**YOUR TASK**
Go through the listing below and repeat it exactly, dropping the pictures.

DATASET EXTRACT START

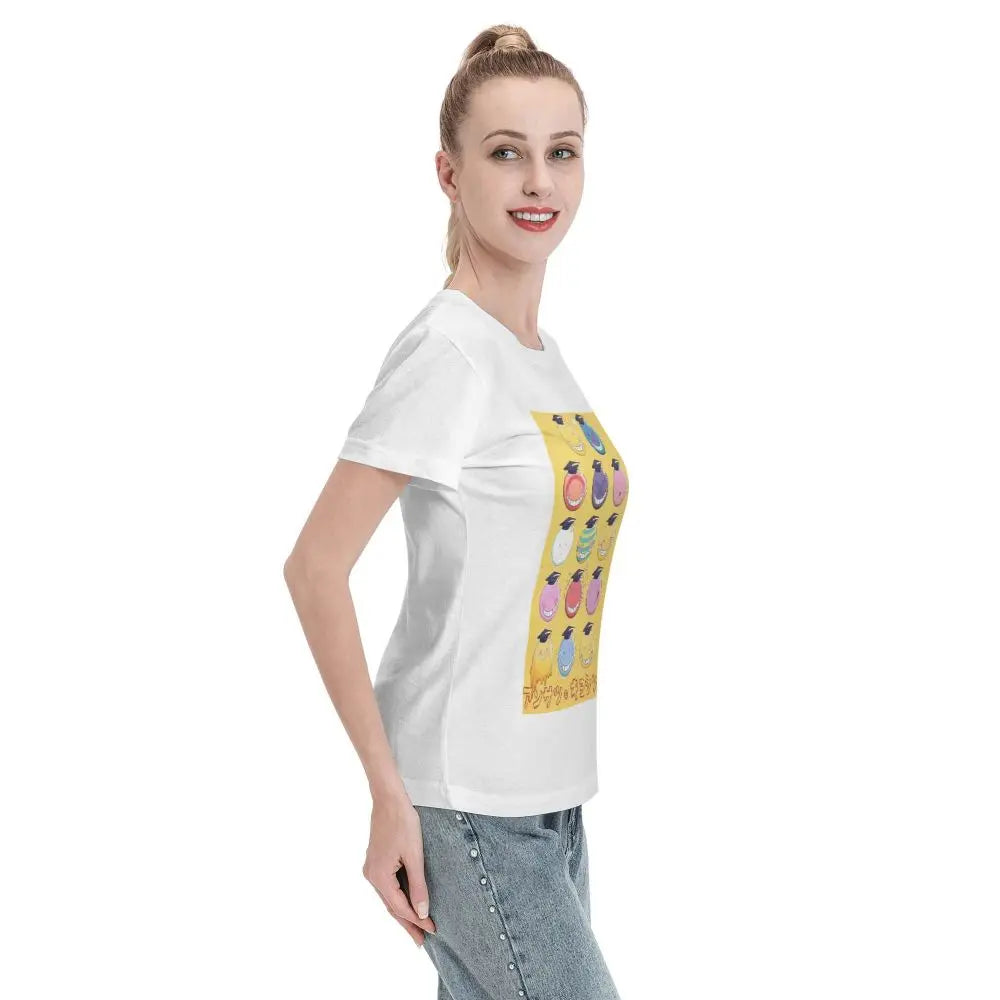 Assassination Classroom: Octopus Koro Sensei T-Shirt Women Short Sleeve T Shirts O-Neck Clothes Cotton Summer Tees Streetwear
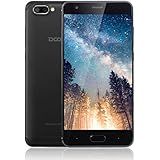 DOOGEE X20 Sim Free Smartphone Unlocked 3G 5.0 inch 16GB Android 7.0 Mobile Phone Dual Sim Dual Rear Camera GPS FM Bluetooth WIFI - Black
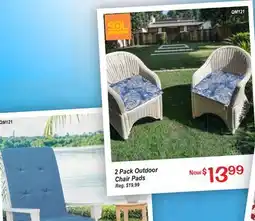 Oxford Mills 2 Pack Outdoor Chair Pads offer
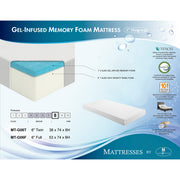 MT-G06F 6" Full Gel-Infused Memory Foam Mattress - MT-G06F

DATASET EXTRACT END

**TASK RESULT**
 Assassination Classroom: Octopus Koro Sensei T-Shirt Women Short Sleeve T Shirts O-Neck Clothes Cotton Summer Tees Streetwear
 DOOGEE X20 Sim Free Smartphone Unlocked 3G 5.0 inch 16GB Android 7.0 Mobile Phone Dual Sim Dual Rear Camera GPS FM Bluetooth WIFI - Black
 Oxford Mills 2 Pack Outdoor Chair Pads offer
 MT-G06F 6" Full Gel-Infused Memory Foam Mattress - MT-G06F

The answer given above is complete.